Lab 7 - Support Vector Machines

Due: Friday by 3:30pm

In this lab, we will experiment with linearly separable and linearly inseparable data using an open-source implementation of support vector machines in C.

We will be using the open-source package SVMlight for this assignment. The website for the package is http://svmlight.joachims.org/. This code allows one to train SVMs with both linearly separable data and linearly inseparable data. You can choose from the three kernel functions given in class for linearly inseparable data.

Create a directory called svm_light and change into that directory. Use the wget command to download the current source code for SVMlight and follow the directions on the author's page to unpack the tarball and compile the code.

Create an additional directory called data and change into that directory. Copy the following two programs to create datasets for this lab into that directory and compile them:

You would compile and run with the following:
gcc -o svm_dataset svm_dataset.c
gcc -o holdout holdout.c
./svm_dataset > plain_data
./holdout plain_data
./svm_dataset -i 50 > insep_data
./holdout insep_data
Make several datasets, both linearly separable and linearly inseparable. Copy the resulting *.train and *.test files up one directory to the svm_light directory.

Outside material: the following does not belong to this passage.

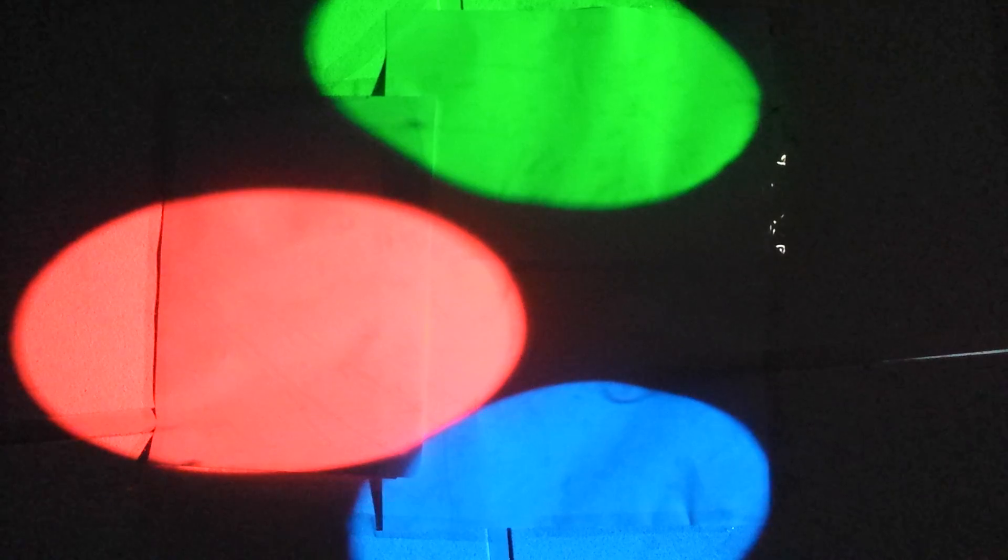So what we're looking at here is a projection of light from a projector. I've taken a white light, so that's a whole mixture of all of the colors of the spectrum, and I have split it off by using three filters.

Run the svm_learn program on the *.train datasets and the svm_classify program on the *.test datasets (do this one dataset at a time, not on all datasets at once). Note the accuracy, precision, and recall of svm_classify on the testing datasets.

Try different options for svm_learn, as specified on the program's website. Particularly, see how the kernel selection affects the accuracy, precision, and recall for the testing datasets.

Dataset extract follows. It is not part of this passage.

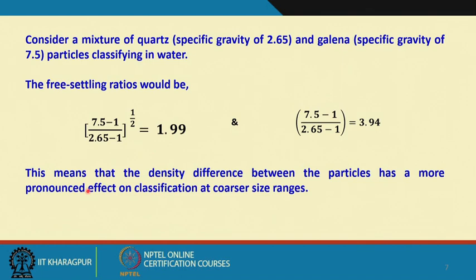Density difference between particles has a more pronounced effect on classification at coarser size ranges. When particles are relatively coarse, minimizing the effect of density is very difficult. When sizes are very small, the density effect is not as pronounced and we can achieve separation in the finer size regions. This is the reason why, for very fine particles, we use the relative motion in a fluid medium — the density effect will not be pronounced — whereas for coarser particles, density starts to play a dominant role.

What to Submit for this Lab

Submit a writeup of what you have done for this lab. This writeup can include screencaps from running the programs. The writeup should specify the datasets created (e.g. command line options for svm_dataset), the svm_learn options used to generate model files, and the resulting statistics for svm_classify on those model files.

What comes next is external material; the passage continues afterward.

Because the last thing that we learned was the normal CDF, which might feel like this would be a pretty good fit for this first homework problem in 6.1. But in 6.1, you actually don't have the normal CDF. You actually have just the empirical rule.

If you had a dataset that show particular difficulty with classification, convert that dataset file into a CSV file using the following vi substitution command (create a copy of the file first and edit the copy, e.g. cp insep_data insep.csv):

:1,$s/ [0-9][0-9]*:/, /g
Use a simple visualization technique, such as OpenOffice scatter plots, to visualize the overlap in the data. Here is an example of the visualization for a randomly generated linearly nonseparable file: nonsep.pdf. Upload your visualization file and the dataset.